Directions for this task: Leave out all pictures while repeating the records exactly and completely.

Data supplied:
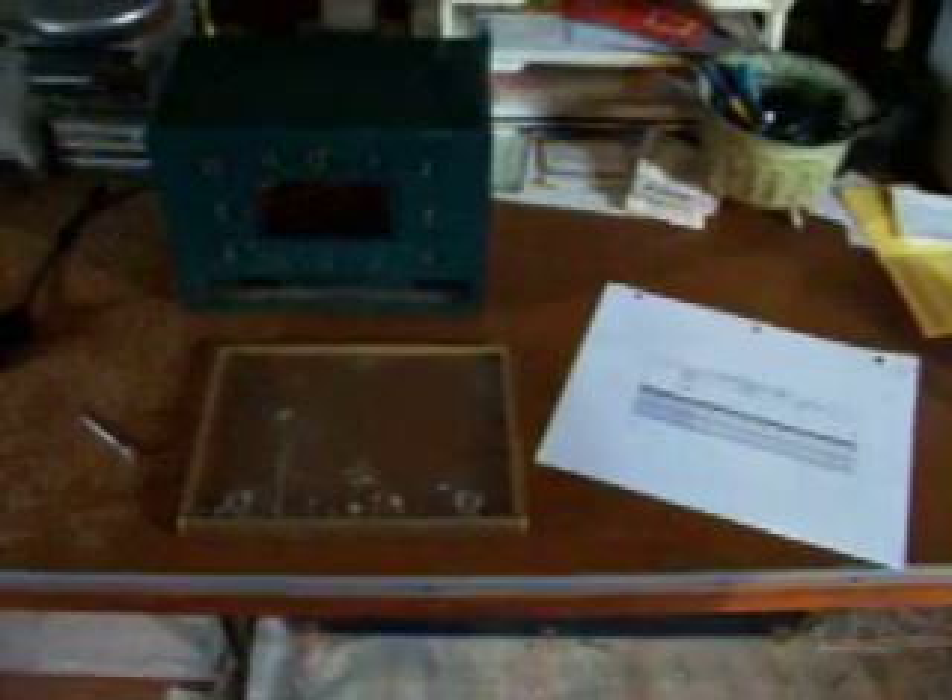Hey YouTubers, NBH45304 here. Now that we got the RCA Victor out of the way, we're going to start dismantling this 1955 Sylvania 542GR alarm clock. Last night I spent some time taking the guts out of the cabinet and cleaning it up a little bit.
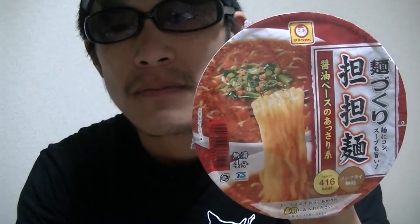Here is a Japanese instant dandan noodle cup — soy sauce flavor. Dandan noodle is a Chinese dish, but it's popular and famous among people in Japan.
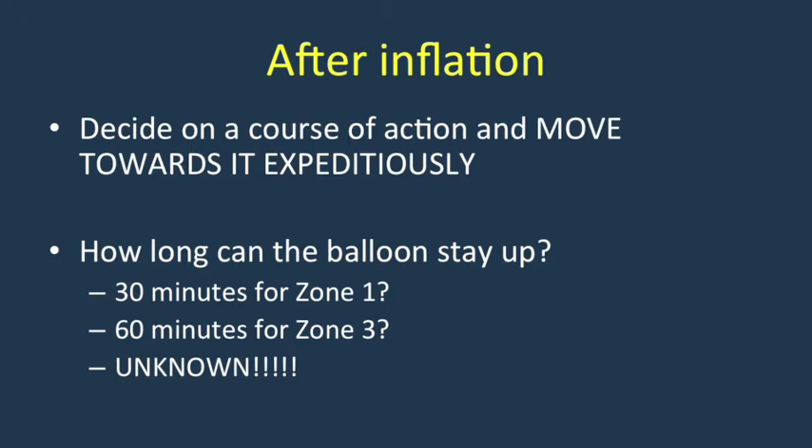I would encourage all who utilize REBOA that the inflation is not the time to pat yourself on the back. You need to be moving expeditiously to an arena where you can achieve definitive hemorrhage control — be that the operative theater for abdominal sources or potentially interventional radiology for hemorrhagic sources of the pelvis.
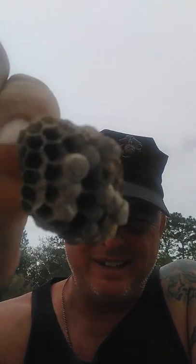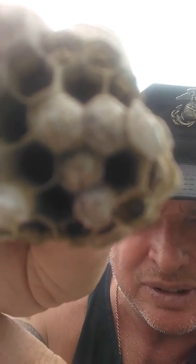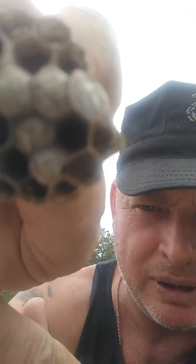Hello everyone, I'm Joe Bishop, Bishop Backwood Survival. Today I'm going to show you a little thing. Look at that — that's actually a guinea wasp nest. I don't know if you can see it inside the camera or not. The little holes that aren't filled up are actually filled up; they got the little larvae in them. And these wasp nests, they can come in handy.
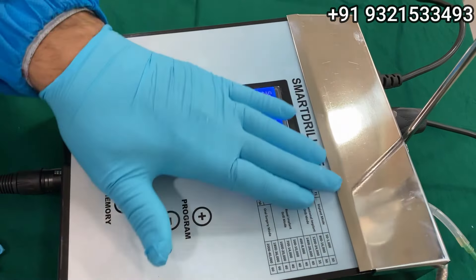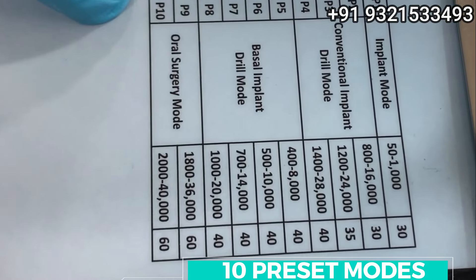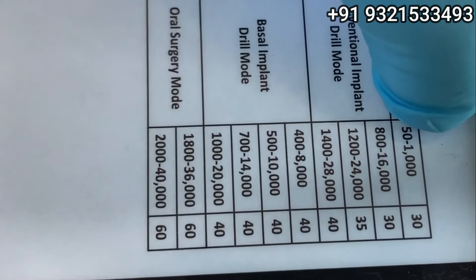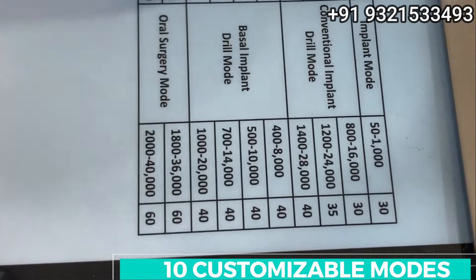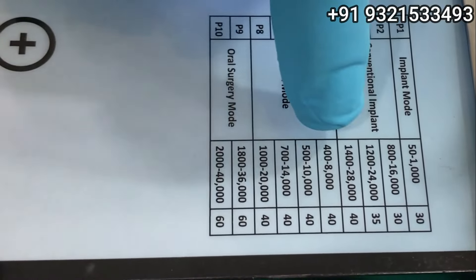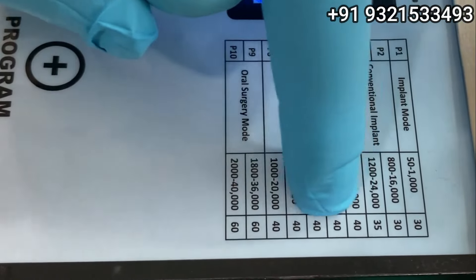Now, absolute crystal clear digital display. The best part is these 10 preset modules. Implant mode is for placing implants — for conventional implant drilling we start at 800 RPM with 30 Ncm torque, then 1200 and 1400 RPM for P2, P3, P4. Programs P5, P6, P7, P8 are for basal implantology. In basal implants we use the 1:1 handpiece — at 8,000 RPM for pterygoid implants, then 10,000, 14,000, and 20,000 RPM.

Finished exercise:
Hey YouTubers, NBH45304 here. Now that we got the RCA Victor out of the way, we're going to start dismantling this 1955 Sylvania 542GR alarm clock. Last night I spent some time taking the guts out of the cabinet and cleaning it up a little bit.
Here is a Japanese instant dandan noodle cup — soy sauce flavor. Dandan noodle is a Chinese dish, but it's popular and famous among people in Japan.
I would encourage all who utilize REBOA that the inflation is not the time to pat yourself on the back. You need to be moving expeditiously to an arena where you can achieve definitive hemorrhage control — be that the operative theater for abdominal sources or potentially interventional radiology for hemorrhagic sources of the pelvis.
Hello everyone, I'm Joe Bishop, Bishop Backwood Survival. Today I'm going to show you a little thing. Look at that — that's actually a guinea wasp nest. I don't know if you can see it inside the camera or not. The little holes that aren't filled up are actually filled up; they got the little larvae in them. And these wasp nests, they can come in handy.
Now, absolute crystal clear digital display. The best part is these 10 preset modules. Implant mode is for placing implants — for conventional implant drilling we start at 800 RPM with 30 Ncm torque, then 1200 and 1400 RPM for P2, P3, P4. Programs P5, P6, P7, P8 are for basal implantology. In basal implants we use the 1:1 handpiece — at 8,000 RPM for pterygoid implants, then 10,000, 14,000, and 20,000 RPM.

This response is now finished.